Here is a famous quote from Fisher (1926) that started it all:
“If one in twenty does not seem high enough odds, we may, if we prefer it, draw the line at one in fifty (the 2 percent point), or one in a hundred (the 1 percent point). Personally, the writer prefers to set a low standard of significance at the 5 percent point, and ignore entirely all results which fail to reach this level. A scientific fact should be regarded as experimentally established only if a properly designed experiment rarely fails to give this level of significance.”
Yup! this is how it all started! If you enjoy reading more about this history, you later discover that Fisher did not intend for his statement to be interpreted as it was and used in the way it is today.
Amazing how a statement made in a journal article in 1926 and to this day, we still use the 5% rule.

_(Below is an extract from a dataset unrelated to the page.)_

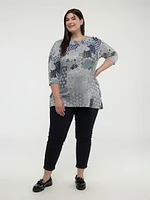 3/4-sleeve semi-fitted tunic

We have lots of research over the past century (yes, 92 years!), that has been hidden away because it never made the cut. What does this mean? What are the implications??
Let’s continue down that road for a moment, we recognize and acknowledge that most publications report results where p < 0.05. In other words, we tend to publish only results that are significant, right? Who is really interested in reading a study where there no significant results. Well how about this quote from Moore (1979) talking about this very challenge or problem:
“Such a publication policy impedes the spread of knowledge. If a researcher has good reason to suspect that an effect is present, and then fails to find significant evidence of it, that may be interesting news. Perhaps more interesting than if evidence in favour of the effect at 5% level had been found.”
Hmm… we are dealing with the same issue in 2018. What are your thoughts? Let’s talk about the implications of this? And how do we define 0.05? If we stick to that rigid line of 0.05, how do YOU handle a p-value of 0.45 or one of 0.54?
I’m looking forward to a great discussion! See you tomorrow, Wednesday, January 18, 2016 in ANNU Rm 101 at 9:30am.
Fisher, R.A. (1926). The arrangement of field experiments. J. Ministry of Agric. Great Britain 23: 503-513.
Moore, D.S. (1979). Statistics: Concepts and Controversies. San Francisco: Freeman.